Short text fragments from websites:
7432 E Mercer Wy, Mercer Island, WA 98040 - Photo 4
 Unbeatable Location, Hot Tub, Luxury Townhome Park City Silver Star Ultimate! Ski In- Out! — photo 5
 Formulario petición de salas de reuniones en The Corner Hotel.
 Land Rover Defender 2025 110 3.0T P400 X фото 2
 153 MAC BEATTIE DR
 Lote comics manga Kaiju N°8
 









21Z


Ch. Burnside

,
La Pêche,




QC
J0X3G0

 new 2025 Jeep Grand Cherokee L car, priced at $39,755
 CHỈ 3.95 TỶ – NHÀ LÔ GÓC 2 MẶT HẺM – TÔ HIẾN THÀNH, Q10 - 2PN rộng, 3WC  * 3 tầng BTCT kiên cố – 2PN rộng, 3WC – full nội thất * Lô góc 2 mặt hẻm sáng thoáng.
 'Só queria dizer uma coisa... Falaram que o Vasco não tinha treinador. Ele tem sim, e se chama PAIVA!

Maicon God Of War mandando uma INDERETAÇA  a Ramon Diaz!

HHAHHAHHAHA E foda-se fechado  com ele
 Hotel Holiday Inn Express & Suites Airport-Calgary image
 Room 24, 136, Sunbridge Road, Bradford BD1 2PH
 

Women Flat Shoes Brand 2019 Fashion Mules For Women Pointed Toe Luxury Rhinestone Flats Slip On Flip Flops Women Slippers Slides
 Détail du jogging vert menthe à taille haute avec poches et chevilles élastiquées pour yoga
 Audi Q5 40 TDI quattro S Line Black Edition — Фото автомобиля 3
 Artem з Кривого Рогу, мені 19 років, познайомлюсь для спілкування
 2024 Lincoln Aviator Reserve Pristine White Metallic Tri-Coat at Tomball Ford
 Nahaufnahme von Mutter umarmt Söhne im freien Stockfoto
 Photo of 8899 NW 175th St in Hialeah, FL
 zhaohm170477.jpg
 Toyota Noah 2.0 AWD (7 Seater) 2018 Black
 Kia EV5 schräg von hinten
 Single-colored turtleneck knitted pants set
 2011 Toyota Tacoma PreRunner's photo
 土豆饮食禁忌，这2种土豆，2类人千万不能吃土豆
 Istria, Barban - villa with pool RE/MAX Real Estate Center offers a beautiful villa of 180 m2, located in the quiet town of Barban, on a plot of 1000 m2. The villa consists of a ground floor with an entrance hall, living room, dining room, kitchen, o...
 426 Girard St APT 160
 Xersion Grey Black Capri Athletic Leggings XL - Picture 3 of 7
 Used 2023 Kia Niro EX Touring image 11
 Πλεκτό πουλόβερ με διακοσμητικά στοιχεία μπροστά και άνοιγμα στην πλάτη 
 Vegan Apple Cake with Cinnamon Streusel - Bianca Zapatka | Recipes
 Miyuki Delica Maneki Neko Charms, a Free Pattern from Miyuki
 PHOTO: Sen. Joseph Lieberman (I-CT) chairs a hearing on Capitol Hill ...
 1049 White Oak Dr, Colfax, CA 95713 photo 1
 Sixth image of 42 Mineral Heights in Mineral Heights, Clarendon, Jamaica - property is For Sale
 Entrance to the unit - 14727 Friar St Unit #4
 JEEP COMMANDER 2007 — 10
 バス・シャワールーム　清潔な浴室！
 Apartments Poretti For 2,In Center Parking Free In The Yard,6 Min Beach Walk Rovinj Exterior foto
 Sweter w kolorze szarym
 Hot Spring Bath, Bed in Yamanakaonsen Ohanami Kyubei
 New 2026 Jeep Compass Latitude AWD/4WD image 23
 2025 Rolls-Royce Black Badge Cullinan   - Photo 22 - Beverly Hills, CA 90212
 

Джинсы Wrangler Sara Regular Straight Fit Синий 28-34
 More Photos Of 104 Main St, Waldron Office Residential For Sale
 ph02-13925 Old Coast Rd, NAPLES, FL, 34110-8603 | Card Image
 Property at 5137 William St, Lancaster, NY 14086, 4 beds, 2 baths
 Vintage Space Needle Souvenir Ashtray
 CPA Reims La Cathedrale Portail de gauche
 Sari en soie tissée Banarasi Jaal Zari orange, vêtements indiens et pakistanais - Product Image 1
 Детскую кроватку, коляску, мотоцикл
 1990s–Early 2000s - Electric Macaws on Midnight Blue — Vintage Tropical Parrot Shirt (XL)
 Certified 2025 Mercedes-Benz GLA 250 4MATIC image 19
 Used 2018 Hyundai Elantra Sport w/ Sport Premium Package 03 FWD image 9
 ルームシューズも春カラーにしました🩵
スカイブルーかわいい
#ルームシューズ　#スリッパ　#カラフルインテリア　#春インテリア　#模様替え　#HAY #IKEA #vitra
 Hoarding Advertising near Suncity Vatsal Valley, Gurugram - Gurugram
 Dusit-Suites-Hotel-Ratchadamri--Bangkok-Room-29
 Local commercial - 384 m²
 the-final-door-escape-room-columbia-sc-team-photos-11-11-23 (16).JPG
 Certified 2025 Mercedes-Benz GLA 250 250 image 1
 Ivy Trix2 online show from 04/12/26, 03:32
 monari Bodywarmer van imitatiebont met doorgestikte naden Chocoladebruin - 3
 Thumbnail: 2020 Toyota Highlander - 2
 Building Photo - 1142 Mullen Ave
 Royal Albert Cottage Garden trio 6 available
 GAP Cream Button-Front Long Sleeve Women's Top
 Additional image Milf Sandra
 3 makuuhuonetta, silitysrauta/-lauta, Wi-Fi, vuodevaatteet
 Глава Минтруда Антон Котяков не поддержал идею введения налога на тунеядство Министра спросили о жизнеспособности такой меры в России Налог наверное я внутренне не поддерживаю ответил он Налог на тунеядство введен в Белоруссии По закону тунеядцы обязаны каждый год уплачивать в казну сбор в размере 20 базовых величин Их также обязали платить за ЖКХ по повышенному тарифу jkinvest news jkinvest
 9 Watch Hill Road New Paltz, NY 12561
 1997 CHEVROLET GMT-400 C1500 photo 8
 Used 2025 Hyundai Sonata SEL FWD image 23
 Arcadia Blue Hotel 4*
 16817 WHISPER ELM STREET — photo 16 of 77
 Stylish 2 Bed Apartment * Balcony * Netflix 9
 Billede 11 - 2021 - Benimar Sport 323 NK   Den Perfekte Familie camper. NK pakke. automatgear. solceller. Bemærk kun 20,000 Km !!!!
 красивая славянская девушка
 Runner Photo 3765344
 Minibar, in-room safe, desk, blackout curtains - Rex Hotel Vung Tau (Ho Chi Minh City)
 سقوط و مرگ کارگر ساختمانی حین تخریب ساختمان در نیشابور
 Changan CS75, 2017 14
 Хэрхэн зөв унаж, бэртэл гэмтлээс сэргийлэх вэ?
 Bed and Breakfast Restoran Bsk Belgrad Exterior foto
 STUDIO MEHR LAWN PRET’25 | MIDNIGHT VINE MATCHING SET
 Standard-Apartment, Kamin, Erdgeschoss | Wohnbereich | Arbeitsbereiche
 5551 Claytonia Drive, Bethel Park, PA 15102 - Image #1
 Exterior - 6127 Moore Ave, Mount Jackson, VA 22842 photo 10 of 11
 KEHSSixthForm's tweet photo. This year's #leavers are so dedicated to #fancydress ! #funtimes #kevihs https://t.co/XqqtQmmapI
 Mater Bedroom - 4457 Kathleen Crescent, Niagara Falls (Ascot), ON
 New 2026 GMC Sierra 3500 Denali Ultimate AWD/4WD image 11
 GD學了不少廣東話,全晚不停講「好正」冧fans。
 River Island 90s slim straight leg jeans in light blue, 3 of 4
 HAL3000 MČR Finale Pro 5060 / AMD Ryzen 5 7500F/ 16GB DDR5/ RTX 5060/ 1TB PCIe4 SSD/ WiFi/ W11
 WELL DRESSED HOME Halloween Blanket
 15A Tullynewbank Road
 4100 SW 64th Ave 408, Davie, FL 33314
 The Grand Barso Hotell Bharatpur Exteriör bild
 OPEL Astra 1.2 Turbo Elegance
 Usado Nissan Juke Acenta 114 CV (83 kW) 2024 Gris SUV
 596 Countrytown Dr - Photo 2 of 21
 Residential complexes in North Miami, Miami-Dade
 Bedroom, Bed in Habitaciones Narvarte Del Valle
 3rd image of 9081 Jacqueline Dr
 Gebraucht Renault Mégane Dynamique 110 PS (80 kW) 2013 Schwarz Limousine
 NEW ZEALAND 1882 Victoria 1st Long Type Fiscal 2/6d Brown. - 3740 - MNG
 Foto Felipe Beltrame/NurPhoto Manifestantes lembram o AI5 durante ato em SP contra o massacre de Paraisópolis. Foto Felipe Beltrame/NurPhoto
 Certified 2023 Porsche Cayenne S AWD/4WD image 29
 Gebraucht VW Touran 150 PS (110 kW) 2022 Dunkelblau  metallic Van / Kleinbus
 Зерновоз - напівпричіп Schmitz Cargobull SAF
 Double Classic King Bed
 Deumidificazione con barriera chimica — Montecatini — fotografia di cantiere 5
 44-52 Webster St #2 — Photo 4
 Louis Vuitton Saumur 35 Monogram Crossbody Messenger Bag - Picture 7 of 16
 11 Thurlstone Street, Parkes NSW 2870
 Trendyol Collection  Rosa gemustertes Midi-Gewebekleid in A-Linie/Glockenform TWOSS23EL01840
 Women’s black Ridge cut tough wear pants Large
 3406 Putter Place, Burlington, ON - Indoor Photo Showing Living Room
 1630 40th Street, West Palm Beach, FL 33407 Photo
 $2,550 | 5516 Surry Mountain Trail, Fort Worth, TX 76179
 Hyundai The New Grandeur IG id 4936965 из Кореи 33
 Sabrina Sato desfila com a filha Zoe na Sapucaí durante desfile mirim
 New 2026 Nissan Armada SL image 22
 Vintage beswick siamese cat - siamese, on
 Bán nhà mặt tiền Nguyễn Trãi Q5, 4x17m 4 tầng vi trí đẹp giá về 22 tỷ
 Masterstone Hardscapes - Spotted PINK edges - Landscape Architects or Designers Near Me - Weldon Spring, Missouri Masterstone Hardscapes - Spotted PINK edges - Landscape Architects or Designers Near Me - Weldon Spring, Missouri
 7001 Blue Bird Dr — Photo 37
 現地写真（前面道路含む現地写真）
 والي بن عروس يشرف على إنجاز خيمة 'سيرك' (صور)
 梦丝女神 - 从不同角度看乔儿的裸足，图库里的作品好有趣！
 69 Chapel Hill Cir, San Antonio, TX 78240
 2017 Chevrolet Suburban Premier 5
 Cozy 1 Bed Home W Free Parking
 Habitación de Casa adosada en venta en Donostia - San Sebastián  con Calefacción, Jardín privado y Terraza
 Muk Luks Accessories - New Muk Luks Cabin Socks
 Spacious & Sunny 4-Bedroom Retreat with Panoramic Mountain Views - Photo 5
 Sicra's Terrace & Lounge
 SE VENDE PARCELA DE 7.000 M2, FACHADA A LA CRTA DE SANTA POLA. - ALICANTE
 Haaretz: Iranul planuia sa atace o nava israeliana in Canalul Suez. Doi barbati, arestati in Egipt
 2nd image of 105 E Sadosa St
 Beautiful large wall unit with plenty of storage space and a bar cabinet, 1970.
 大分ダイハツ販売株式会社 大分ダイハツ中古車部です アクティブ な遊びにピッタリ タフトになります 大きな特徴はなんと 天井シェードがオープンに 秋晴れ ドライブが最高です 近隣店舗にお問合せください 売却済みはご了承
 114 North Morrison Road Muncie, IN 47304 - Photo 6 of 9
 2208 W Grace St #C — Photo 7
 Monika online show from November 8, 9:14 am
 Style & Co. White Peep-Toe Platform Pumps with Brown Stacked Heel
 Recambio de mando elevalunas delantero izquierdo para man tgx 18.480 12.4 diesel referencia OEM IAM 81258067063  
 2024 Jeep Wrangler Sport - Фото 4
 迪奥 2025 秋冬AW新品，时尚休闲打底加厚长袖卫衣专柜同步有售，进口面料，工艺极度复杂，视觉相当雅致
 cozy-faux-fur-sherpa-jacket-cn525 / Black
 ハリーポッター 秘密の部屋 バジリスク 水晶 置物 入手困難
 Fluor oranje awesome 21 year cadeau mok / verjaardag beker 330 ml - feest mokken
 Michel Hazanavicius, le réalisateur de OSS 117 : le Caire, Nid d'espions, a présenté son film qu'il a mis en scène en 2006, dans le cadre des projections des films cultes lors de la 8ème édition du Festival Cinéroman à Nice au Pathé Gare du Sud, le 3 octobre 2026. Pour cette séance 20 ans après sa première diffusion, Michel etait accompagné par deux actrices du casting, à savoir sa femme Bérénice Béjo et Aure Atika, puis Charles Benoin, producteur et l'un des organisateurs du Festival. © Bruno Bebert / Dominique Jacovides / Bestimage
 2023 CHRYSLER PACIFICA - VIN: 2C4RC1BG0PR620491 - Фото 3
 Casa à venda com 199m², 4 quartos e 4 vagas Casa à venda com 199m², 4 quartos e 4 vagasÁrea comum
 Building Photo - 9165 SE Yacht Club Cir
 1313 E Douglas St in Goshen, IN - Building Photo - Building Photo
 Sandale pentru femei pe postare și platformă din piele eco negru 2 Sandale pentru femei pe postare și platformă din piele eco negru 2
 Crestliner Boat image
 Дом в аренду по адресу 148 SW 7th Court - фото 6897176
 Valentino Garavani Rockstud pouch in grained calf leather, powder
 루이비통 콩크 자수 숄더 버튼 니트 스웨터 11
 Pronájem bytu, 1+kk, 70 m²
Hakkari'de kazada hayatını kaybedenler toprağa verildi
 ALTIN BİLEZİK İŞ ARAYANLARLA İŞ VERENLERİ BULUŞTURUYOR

[WHAT THIS TASK INVOLVES]
Above are the entries. Quote exactly the lines from the one bearing "Usado Nissan Juke" through the one bearing "11 Thurlstone Street, Parkes NSW 2870".

[EXERCISE ANSWER]
 Usado Nissan Juke Acenta 114 CV (83 kW) 2024 Gris SUV
 596 Countrytown Dr - Photo 2 of 21
 Residential complexes in North Miami, Miami-Dade
 Bedroom, Bed in Habitaciones Narvarte Del Valle
 3rd image of 9081 Jacqueline Dr
 Gebraucht Renault Mégane Dynamique 110 PS (80 kW) 2013 Schwarz Limousine
 NEW ZEALAND 1882 Victoria 1st Long Type Fiscal 2/6d Brown. - 3740 - MNG
 Foto Felipe Beltrame/NurPhoto Manifestantes lembram o AI5 durante ato em SP contra o massacre de Paraisópolis. Foto Felipe Beltrame/NurPhoto
 Certified 2023 Porsche Cayenne S AWD/4WD image 29
 Gebraucht VW Touran 150 PS (110 kW) 2022 Dunkelblau  metallic Van / Kleinbus
 Зерновоз - напівпричіп Schmitz Cargobull SAF
 Double Classic King Bed
 Deumidificazione con barriera chimica — Montecatini — fotografia di cantiere 5
 44-52 Webster St #2 — Photo 4
 Louis Vuitton Saumur 35 Monogram Crossbody Messenger Bag - Picture 7 of 16
 11 Thurlstone Street, Parkes NSW 2870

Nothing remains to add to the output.